FLoC Origin Trial & Clustering
This page refers to the origin trial for the initial version of FLoC, which ran from Chrome 89 to 91.
See web.dev/floc for an explanation of the idea behind this experimental new advertising-related browser API, a component of Chrome's Privacy Sandbox effort to support web advertising without user tracking. To participate in the development process, see the FLoC GitHub repository.
Even for developers experienced with origin trials and third-party origin trials, the FLoC origin trial is a bit different. That's because FLoC is two different things: a JavaScript API that offers a signal which we hope will prove useful for interest based ads targeting, and also an on-device clustering algorithm that generates the signal.
Figuring out the right way to perform that clustering is still very much an open question. During the course of the Origin Trial we expect to introduce multiple possible clustering algorithms, and we solicit feedback concerning both the privacy and the utility of the clusters produced. We hope that during the Origin Trial, the ad tech community will collectively figure out which tasks are well served by the FLoC approach. As we inevitably find areas where FLoC could do better, we look forward to public discussion about what modifications to clustering might help serve those uses.
You might wonder: once there are multiple clustering algorithms performing FLoC assignment, how do you know which one you're getting? Per the draft spec for the API, the object returned by cohort = await document.interestCohort(); has two keys: an id indicating which cluster the browser is in, and a version, a label that identifies the algorithm used to compute that id. (The API is not permitted in an insecure context, or where blocked by a Permissions-Policy, or on a site where you've used Chrome settings to block cookies.)

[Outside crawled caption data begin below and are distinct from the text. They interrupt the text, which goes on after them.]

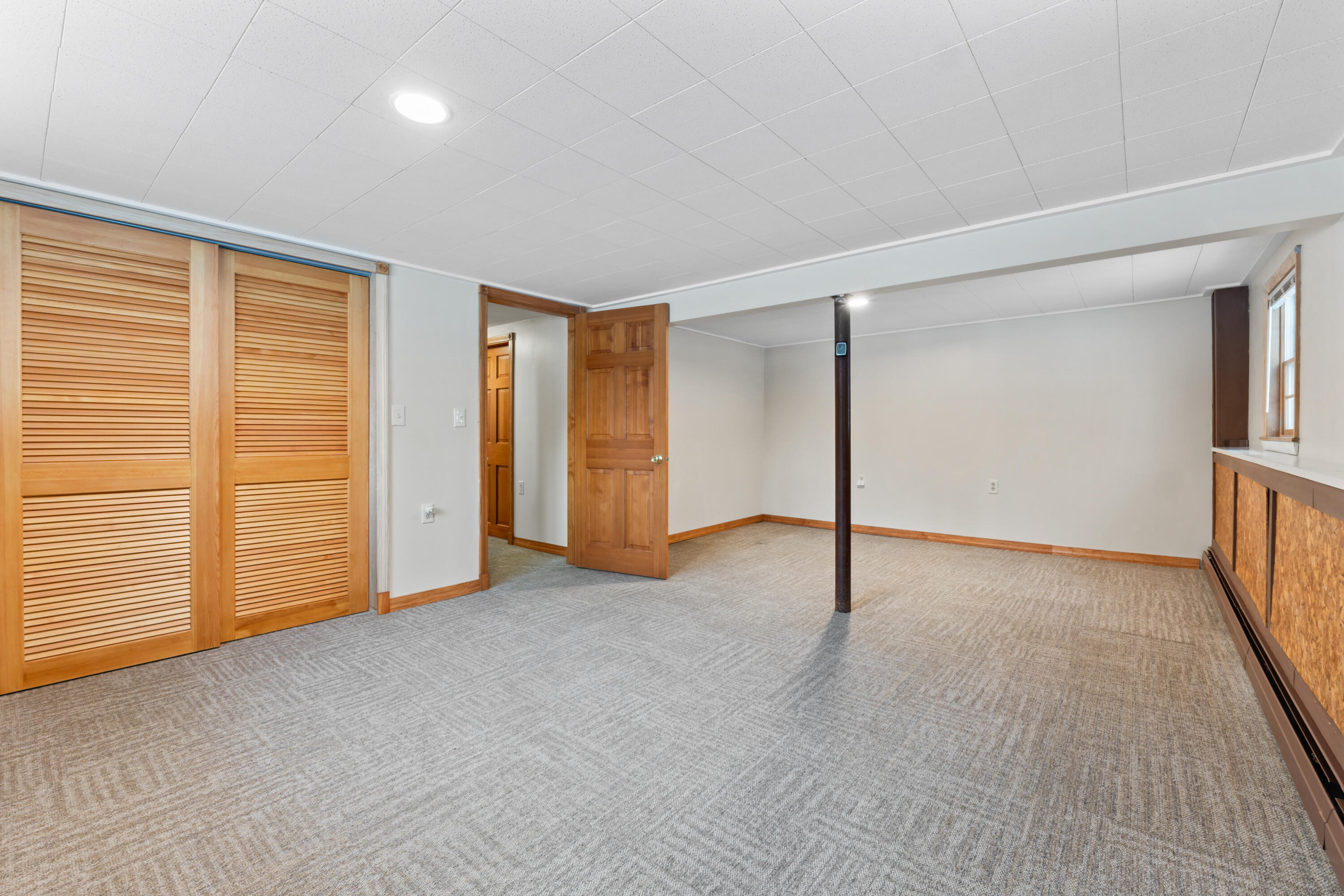 24 Penny Lane, Jefferson, ME, 04348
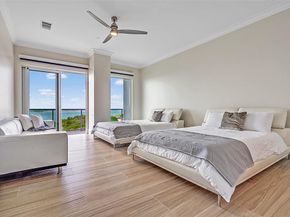 2800  Lakeside Parkway  704, Flower Mound Texas 75022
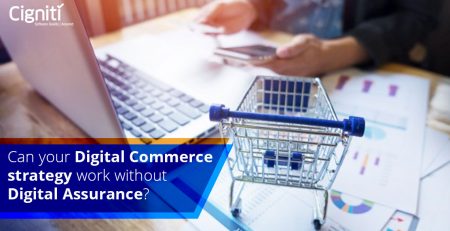 Can-your-Digital-Commerce-strategy-work-without-Digital-Assurance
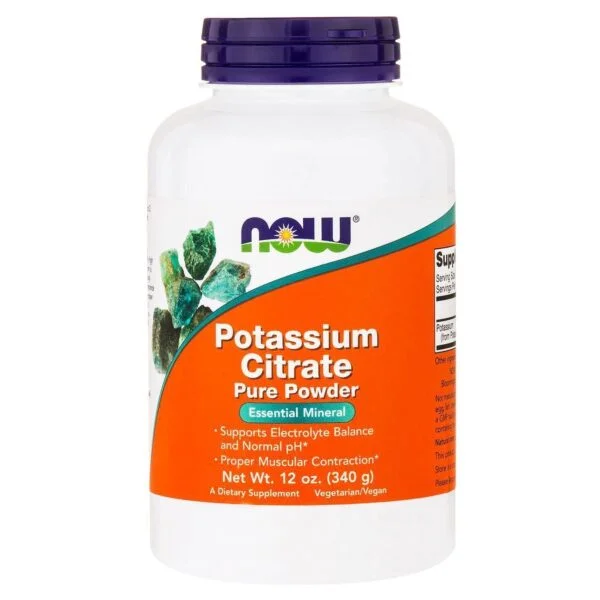 Kaliumcitrat-pulver-Potassium-Citrate-Powder-340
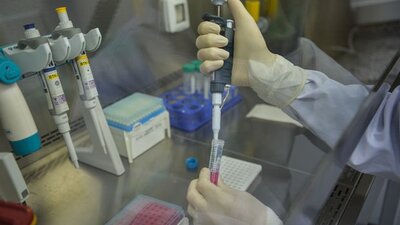 Trump 'Tedbir için' demişti: ABD'de hidroksiklorokin kararı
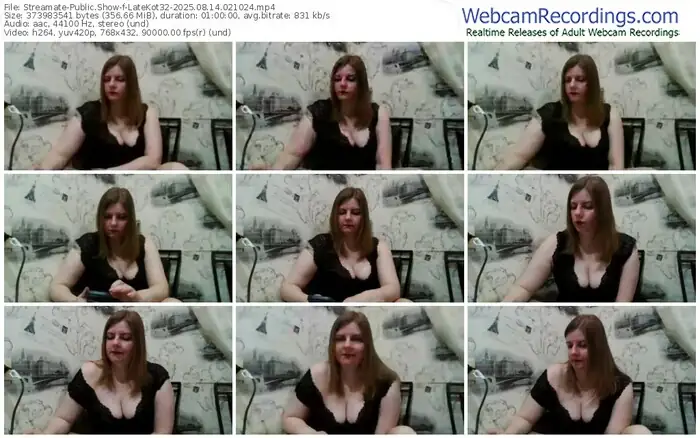 streamate-latekot32-08-14-2025-02-10-24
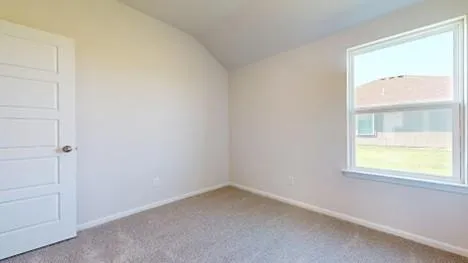 $379,485 | 541 West Bluebird Street, Gardner, KS 66030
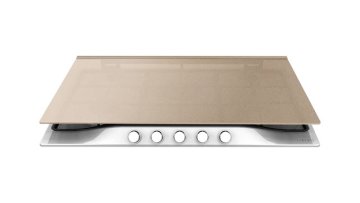 Franke 0390039 accessorio e componente per piano cottura Copertura per uso domestico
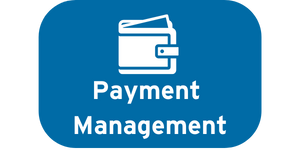 netsuite-produkt-payment-management__300x150.png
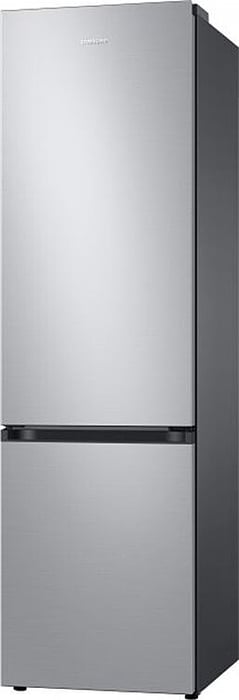 Холодильник Samsung RB38C600ES9/UA | Фото 3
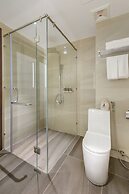 Canvas Danang Beach Hotel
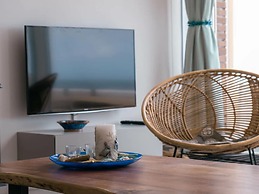 Kraaiennest Comfortable Holiday Residence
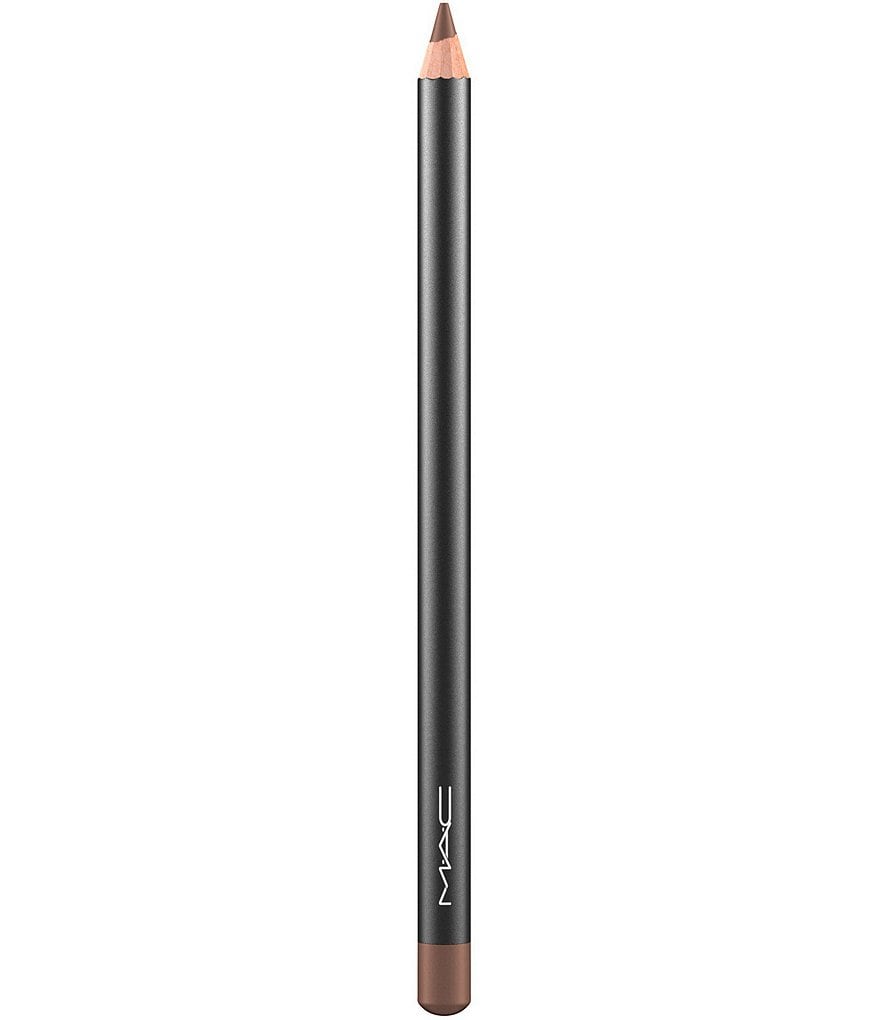 m.a.c lip pencil MAC Lip Pencil - BEIGE TURNER, Full Size 1.45g New In Box
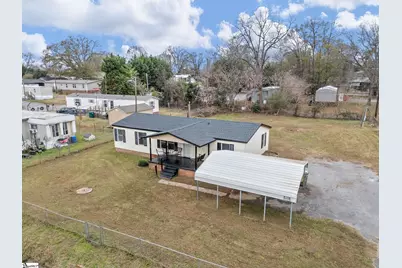 121 Rosetta Court, Una, SC 29378 - Photo 5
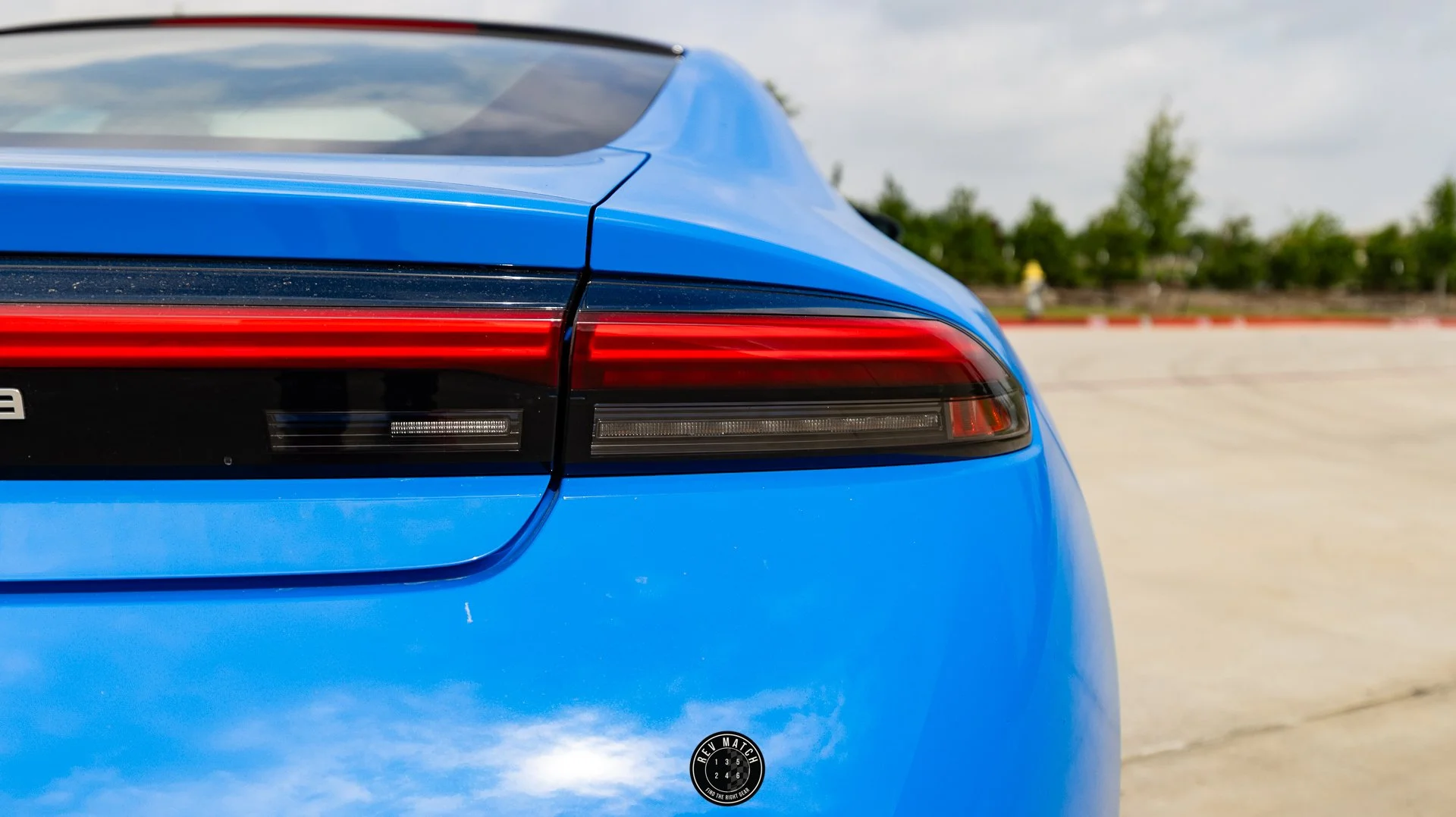 2026 Honda Prelude-13.jpg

We realize this strange situation, of a single API that might be wrapped around multiple different possible algorithms, means the Origin Trial of FLoC is not for the faint of heart. If you're still interested in joining us during this early experimental stage of our development, check out this page for the details of how to take part.
FLoC Algorithm Versions
Version "chrome.2.1"
This algorithm was introduced in Chrome 89. It is similar to the approach called SortingLSH that was described by our colleagues in Google Research and Ads in October 2020, which their experiments indicated performs rather well for some types of ad targeting: "Affinity Audiences" (like "Cooking Enthusiasts") and "In-Market Audiences" (like "people actively researching Consumer Electronics").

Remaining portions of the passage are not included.